LOUISVILLE, Ky. (WDRB) – A Jefferson County grand jury subpoenaed WDRB News on Friday for raw video from a recent news story about a suspect in a police shooting.

Louisville Metro Police initially served a search warrant last week that would have allowed police to comb through the station's newsroom and access computers, notes and unpublished material gathered for a story about Dimitri Harris being accused of shooting Officer Brad Shouse. 

A WDRB attorney argued the search warrant was "clearly illegal" under a federal law meant to protect journalists' First Amendment rights.

Jefferson Circuit Court Judge McKay Chauvin defended his signing of the search warrant, saying it was the quickest way to ensure the station would not destroy or lose raw video from its interview.

The judge acknowledged, however, that the warrant was "drafted overbroadly" and dismissed it, telling police to instead issue a subpoena to WDRB. That would allow the station to present any arguments in court and a judge to hear both sides.

The subpoena requires WDRB to bring the raw video to the grand jury room at 514 W. Liberty Street on September 21.

WDRB will ask a judge to dismiss the subpoena, arguing it is a First Amendment violation to force the station to turn over materials gathered for a story, which could include confidential sources or information the station does not want to disclose.

“When you request records from a news organization, it involves First Amendment rights to gather and distribute news,” said Jon Fleischaker, an attorney representing WDRB.

Fleischaker also said police have not indicated why they want the raw video “other than they are curious.That is not adequate in my judgment.”

Police have said Harris shot at officers while leading them on a foot chase in June near Kemmons Drive between the Watterson Expressway and Goldsmith Lane, hitting Officer Shouse in the foot.

However, police never charged Harris and he said in an interview with WDRB last week that he didn’t have a gun and the officer instead inadvertently shot himself. The video of that interview is available online.

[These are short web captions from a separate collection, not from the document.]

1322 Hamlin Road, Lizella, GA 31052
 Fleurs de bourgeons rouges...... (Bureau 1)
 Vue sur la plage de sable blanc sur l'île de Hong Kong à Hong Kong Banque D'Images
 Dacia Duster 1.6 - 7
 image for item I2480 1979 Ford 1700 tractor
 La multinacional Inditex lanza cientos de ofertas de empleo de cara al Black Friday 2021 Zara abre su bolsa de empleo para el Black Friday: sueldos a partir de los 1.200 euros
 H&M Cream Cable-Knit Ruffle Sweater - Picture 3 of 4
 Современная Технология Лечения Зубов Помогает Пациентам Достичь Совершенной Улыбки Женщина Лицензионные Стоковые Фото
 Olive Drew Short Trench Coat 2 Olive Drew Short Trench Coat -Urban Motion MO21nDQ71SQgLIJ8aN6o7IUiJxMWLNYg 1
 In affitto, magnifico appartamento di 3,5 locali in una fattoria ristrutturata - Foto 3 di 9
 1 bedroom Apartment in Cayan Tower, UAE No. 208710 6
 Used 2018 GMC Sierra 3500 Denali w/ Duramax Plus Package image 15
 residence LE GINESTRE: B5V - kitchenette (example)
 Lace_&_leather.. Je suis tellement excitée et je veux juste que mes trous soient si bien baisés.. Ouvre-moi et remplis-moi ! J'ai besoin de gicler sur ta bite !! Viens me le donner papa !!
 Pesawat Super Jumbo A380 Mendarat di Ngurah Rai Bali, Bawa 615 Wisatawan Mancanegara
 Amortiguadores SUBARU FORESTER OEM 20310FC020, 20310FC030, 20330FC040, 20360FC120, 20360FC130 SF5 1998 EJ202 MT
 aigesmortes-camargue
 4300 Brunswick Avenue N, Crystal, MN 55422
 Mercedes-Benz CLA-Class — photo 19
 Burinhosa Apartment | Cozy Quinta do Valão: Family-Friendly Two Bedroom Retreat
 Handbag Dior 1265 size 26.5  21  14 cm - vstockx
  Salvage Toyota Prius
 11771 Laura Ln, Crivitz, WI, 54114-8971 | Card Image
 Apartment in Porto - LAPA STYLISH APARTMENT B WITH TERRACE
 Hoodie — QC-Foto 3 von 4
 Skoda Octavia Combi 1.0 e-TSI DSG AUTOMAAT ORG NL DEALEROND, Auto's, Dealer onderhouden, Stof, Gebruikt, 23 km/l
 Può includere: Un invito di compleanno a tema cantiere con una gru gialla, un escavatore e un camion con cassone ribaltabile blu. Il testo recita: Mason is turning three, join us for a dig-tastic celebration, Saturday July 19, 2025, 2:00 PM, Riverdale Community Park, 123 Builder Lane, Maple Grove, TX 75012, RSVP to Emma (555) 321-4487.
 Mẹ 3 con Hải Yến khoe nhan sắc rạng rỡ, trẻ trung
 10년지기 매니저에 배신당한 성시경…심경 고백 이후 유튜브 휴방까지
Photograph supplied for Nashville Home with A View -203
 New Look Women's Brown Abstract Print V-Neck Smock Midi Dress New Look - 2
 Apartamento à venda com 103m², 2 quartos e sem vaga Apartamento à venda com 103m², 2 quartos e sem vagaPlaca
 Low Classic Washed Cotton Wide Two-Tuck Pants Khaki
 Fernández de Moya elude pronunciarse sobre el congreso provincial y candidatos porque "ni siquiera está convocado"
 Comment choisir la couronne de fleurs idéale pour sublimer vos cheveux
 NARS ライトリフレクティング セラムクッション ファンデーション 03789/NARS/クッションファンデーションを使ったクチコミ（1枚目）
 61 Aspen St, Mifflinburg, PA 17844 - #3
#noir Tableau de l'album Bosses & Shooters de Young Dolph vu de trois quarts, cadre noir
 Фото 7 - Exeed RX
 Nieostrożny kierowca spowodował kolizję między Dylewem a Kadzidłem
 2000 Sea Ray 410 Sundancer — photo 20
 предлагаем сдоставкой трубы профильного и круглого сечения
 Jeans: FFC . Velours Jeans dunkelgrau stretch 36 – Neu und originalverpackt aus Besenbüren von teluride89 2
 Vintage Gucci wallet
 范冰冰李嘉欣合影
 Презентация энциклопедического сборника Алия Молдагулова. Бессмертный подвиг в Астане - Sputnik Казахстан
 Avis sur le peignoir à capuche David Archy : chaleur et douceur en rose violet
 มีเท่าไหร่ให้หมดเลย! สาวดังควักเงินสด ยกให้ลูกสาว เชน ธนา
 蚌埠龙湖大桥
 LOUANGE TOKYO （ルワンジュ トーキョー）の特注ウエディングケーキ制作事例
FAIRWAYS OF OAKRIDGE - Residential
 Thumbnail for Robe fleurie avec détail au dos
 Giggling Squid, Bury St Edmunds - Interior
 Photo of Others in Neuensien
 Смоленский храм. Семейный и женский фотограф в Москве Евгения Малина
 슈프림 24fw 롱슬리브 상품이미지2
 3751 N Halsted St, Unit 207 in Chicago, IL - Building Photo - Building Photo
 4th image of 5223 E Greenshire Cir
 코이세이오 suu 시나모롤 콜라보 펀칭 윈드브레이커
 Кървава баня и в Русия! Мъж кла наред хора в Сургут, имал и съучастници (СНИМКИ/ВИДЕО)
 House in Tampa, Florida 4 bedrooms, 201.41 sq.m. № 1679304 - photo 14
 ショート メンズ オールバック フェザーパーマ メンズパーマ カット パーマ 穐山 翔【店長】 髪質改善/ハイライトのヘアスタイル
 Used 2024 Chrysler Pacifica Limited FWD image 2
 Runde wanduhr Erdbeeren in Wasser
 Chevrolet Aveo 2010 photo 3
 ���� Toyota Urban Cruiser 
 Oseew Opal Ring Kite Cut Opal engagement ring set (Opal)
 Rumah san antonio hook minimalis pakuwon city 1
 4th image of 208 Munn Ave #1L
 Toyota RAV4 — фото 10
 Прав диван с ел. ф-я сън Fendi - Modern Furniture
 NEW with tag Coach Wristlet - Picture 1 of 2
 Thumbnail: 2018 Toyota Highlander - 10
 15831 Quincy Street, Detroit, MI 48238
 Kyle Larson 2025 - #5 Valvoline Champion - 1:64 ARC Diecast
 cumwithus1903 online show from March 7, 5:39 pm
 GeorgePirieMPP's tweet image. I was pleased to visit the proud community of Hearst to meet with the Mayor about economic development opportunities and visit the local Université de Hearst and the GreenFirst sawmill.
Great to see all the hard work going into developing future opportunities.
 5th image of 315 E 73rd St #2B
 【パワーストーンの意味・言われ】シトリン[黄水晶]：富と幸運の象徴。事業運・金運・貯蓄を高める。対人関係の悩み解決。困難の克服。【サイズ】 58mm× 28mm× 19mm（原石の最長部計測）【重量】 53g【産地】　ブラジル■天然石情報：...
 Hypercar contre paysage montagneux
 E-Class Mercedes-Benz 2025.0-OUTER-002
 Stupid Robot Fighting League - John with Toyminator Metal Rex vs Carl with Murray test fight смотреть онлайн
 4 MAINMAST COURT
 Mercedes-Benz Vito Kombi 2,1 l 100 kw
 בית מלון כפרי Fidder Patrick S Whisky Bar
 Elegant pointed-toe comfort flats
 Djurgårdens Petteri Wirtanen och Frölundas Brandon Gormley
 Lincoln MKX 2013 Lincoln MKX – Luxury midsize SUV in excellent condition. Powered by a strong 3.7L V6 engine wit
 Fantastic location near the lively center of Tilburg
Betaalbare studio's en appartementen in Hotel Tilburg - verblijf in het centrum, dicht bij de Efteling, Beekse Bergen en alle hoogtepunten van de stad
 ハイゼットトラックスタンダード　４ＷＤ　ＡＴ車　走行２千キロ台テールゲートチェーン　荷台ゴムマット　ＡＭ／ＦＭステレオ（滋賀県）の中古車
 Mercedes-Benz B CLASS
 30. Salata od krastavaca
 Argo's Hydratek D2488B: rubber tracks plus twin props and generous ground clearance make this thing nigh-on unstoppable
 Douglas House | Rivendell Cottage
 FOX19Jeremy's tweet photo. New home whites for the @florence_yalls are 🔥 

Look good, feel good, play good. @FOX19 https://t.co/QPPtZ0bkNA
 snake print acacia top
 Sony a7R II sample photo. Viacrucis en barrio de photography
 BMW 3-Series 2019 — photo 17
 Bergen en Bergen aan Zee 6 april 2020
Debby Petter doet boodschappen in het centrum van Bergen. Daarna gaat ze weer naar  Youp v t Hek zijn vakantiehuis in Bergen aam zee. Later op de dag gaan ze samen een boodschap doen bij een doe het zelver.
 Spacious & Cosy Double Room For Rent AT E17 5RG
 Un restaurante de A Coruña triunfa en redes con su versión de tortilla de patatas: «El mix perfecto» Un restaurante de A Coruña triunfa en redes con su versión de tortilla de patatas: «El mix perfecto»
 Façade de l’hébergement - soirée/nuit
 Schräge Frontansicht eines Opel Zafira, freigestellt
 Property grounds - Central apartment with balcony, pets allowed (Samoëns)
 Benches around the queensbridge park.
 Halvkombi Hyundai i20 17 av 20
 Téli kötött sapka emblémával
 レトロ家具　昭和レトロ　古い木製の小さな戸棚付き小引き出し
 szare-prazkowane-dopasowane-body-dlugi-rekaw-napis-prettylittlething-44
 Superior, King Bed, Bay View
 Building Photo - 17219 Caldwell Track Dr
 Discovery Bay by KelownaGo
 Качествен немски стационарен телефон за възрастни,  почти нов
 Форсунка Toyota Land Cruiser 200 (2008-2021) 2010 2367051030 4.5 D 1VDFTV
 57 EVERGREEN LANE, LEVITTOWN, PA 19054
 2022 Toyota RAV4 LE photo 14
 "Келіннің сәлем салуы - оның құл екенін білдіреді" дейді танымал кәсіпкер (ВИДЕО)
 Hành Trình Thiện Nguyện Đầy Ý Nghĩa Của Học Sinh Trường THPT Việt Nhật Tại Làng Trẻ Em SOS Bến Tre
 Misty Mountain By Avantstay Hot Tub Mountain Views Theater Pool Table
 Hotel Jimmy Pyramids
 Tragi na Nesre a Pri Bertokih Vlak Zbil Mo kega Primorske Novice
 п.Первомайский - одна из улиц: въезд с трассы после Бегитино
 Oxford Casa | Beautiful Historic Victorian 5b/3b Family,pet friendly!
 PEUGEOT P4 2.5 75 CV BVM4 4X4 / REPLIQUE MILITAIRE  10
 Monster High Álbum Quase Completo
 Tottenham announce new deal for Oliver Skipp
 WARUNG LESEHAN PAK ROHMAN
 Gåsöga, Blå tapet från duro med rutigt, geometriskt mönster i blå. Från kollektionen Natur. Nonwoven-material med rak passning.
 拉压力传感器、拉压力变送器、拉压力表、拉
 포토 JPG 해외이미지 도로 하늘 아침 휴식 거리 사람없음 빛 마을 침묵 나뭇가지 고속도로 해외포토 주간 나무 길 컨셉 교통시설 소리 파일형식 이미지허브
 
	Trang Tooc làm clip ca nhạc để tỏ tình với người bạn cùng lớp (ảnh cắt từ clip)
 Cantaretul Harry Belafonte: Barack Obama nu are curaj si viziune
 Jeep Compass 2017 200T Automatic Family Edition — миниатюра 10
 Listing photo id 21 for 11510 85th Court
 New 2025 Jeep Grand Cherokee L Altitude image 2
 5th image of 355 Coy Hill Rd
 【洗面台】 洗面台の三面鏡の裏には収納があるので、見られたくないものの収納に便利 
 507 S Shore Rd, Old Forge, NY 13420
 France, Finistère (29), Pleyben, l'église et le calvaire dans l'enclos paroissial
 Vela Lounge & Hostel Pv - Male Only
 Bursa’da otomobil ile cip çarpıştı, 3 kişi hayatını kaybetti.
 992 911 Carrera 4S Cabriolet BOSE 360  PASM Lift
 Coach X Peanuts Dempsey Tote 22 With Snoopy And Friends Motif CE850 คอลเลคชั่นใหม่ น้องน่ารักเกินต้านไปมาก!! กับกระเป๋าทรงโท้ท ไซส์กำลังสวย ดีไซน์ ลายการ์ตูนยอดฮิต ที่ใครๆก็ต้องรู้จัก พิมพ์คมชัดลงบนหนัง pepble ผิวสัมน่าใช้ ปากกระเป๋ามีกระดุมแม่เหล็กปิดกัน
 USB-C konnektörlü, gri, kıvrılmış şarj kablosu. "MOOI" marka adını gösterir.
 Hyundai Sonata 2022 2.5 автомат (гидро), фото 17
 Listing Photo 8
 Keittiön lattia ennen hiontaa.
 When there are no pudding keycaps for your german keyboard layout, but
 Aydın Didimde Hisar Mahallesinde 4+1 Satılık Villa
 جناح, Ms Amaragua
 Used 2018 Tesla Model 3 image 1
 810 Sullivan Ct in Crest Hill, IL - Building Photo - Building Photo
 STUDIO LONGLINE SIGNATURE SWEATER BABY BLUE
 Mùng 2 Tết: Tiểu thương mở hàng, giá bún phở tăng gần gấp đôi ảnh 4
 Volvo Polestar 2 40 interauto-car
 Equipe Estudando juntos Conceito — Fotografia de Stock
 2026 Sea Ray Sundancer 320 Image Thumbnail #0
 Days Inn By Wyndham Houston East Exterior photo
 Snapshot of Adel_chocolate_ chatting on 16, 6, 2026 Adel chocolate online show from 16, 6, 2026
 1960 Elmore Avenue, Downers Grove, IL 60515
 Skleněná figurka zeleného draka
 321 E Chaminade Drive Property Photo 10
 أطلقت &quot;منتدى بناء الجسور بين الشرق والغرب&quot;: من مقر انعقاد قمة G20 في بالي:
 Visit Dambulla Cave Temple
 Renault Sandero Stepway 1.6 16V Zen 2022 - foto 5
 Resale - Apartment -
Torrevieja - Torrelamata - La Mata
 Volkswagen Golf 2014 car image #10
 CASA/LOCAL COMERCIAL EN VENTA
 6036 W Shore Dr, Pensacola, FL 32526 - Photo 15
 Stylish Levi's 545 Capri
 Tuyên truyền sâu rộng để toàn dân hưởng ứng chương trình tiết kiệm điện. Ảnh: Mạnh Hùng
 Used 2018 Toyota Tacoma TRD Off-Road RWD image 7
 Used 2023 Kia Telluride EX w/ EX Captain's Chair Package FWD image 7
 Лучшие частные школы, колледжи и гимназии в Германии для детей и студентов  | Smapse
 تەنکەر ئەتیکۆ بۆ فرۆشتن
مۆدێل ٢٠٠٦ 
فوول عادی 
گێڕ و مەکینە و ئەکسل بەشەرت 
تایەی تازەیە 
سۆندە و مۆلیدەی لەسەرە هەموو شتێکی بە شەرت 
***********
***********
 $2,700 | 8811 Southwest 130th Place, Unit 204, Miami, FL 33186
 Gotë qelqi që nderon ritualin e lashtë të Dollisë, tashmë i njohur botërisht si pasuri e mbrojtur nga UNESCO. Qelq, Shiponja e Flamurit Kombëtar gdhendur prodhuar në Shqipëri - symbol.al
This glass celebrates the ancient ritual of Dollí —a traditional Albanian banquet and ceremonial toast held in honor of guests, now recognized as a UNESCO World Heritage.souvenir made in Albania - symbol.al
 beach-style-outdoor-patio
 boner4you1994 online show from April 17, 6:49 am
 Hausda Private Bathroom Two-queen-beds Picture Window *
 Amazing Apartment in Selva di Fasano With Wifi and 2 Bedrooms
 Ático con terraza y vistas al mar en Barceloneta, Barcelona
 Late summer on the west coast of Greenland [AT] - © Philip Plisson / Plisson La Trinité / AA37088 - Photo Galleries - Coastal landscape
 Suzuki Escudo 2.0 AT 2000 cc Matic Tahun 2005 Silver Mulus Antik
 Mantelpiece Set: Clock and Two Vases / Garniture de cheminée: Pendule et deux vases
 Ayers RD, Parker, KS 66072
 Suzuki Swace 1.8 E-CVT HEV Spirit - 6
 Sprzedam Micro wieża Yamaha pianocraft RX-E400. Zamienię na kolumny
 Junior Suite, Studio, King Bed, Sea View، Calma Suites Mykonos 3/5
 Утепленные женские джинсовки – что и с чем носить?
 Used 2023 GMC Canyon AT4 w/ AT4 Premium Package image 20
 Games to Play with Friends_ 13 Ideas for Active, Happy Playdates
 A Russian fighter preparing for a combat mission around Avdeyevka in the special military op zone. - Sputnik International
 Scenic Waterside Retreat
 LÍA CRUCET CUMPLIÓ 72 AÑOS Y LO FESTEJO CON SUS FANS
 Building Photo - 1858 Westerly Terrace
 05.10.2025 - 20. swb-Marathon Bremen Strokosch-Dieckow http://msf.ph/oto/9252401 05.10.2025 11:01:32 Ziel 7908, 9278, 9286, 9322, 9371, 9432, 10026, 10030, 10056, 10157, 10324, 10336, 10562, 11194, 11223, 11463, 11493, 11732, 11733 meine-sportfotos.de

Harris spent two months in jail after the incident on a probation violation in a previous case. He was on home incarceration when WDRB talked with him. 

Police Chief Steve Conrad declined to comment Thursday when asked if Shouse was shot by a fleeing suspect or instead accidentally shot himself in the foot during the chase.

LMPD denied WDRB's request for police-worn camera footage of the incident under Kentucky's open records law, saying the shooting is under investigation.

However, LMPD typically releases body camera footage immediately in incidents in which officers have shot someone, despite those cases also being under investigation. 

Conrad said this is a different situation “where you don’t have the same level of, necessarily, community interest” as when police use deadly force.

Asked if police were incorrect in obtaining a search warrant, Conrad said the information WDRB has may be “critical” to the investigation and he didn’t “have a problem with that being done.”

“However, that being said, we do learn from every experience, and with that it looks like coming at it with a subpoena or a court order may be a better way to go,” Conrad said. “And based on the directions from a judge, that’s exactly what we are going to do.”

WDRB has agreed to preserve the raw video. 

The station was ordered to appear in court Tuesday afternoon to show why it should not be held in contempt for failing to comply with the search warrant. LMPD had chosen not to enforce the warrant, and the station had not complied with it.

"They need to get what they need to get," Chauvin said of police. "And you're not in the business of preventing that to which they are entitled."